Arbitrator Beich communicated frequently with Union President Paul Bush and Company President Spencer S. Berger from the date of his appointment on February 6, 1981 to the first of the alleged "hearings" on July 1, 1981. On this date, the parties gathered in Auburn, New York. Although this fact is undisputed, the events of that day are subject to varied interpretation. According to the Company, the parties agreed that Beich could decide the question of whether the subject disputes were arbitrable before proceeding to the merits. This view is supported by the affidavits of Company President Spencer S. Berger, Assistant to the President William C. Lavery, and Company counsel Stephen J. Vollmer. The Union argues, however, that no agreement was reached allowing the arbitrator to first decide the arbitrability question. This position is supported by the affidavits of Union counsel Peter P. Paravati, and Union President Paul Bush.
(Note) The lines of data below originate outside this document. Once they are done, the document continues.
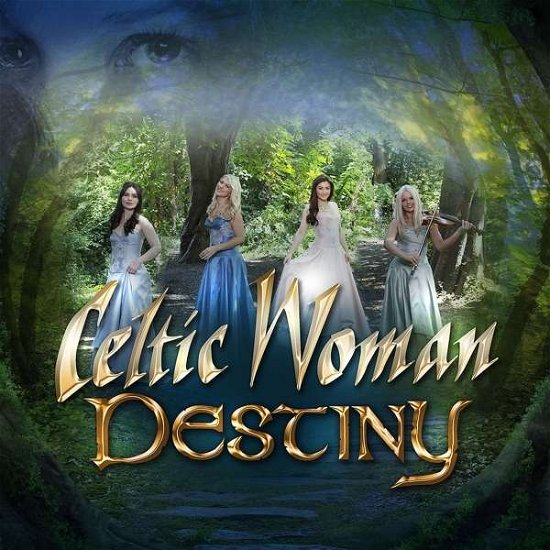 Cover for Celtic Woman · Destiny (CD) (2015)
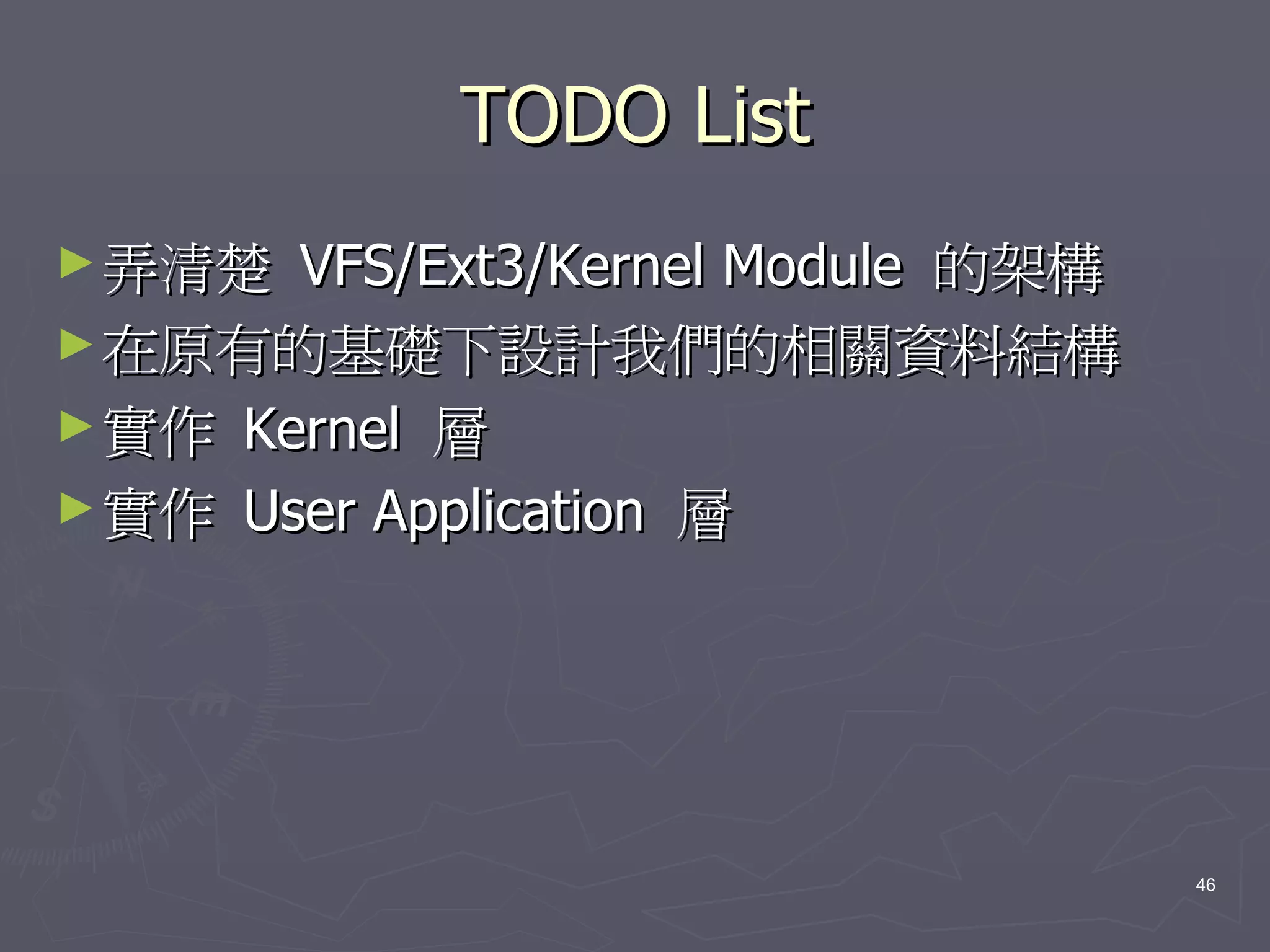 TODO List
► 弄清楚  VFS/Ext3/Kernel Module 的架構
► 在原有的基礎下設計我們的相關資料結構
► 實作 Kernel 層
► 實作 User Application 層




                                    46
After this alleged "stipulation" was entered into, the Company contends that a hearing was held on the arbitrability issue. At this hearing, the Company claims that it presented its case on the arbitrability issue, and in so doing, also substantially presented its case on the merits. This view is supported by the affidavits of Company President Spencer S. Berger, Assistant to the President William C. Lavery, and Company counsel Stephen J. Vollmer. To the contrary, the Union asserts that no formal hearing was held. Instead, the Union claims that at this July 1 meeting, Company President Berger refused to allow consideration of anything but the arbitrability issue despite the prior understanding that all issues were to be presented. Berger's conduct, according to the Union, created turmoil, disorder, and chaos, and that under no stretch of the imagination, could that July 1 meeting be considered a hearing. No witnesses were called and the dischargees were never heard from. This position is supported by the affidavits of Company counsel Peter P. Paravati and Union President Paul Bush.
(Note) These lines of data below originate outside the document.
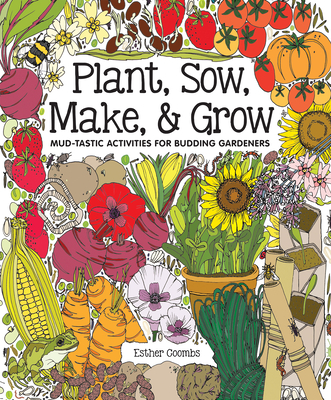 Plant, Sow, Make & Grow: Mud-Tastic Activities for Budding Gardeners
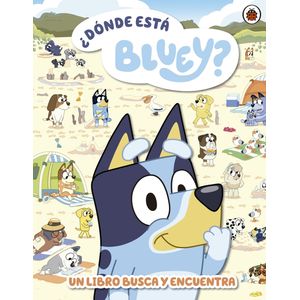 DONDE ESTA BLUEY? - UN LIBRO BUSCA Y ENCUENTRA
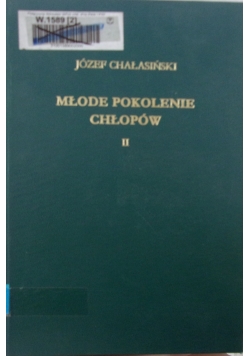 Młode pokolenie chłopów, tom 2, 1938 r.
Due to the high degree of acrimony between the parties, it was allegedly agreed that arbitrator Beich be allowed to conduct independent investigations of the disputes and engage in ex parte contacts with the parties and their representatives. According to the Company, this stipulation was signed by the Company as an accommodation to the arbitrator even though it was understood that the arbitrability issue would be reached first. This view is supported by the affidavits of Company President Spencer S. Berger, Assistant to the President William C. Lavery, and Company counsel Stephen J. Vollmer. The Union asserts, however, that the stipulation was entered into for different reasons. It is claimed that arbitrator Beich requested the parties to sign the stipulation in order to "cover" for the arbitrator's past ex parte meetings with the parties. This stipulation, signed by Union President Paul Bush, was understood by Bush to only cover past conduct by the arbitrator. Moreover, Bush charges that the stipulation was altered after he signed it so that Beich could have ex parte contacts in the future. This position is supported by the affidavit of Union President Paul Bush.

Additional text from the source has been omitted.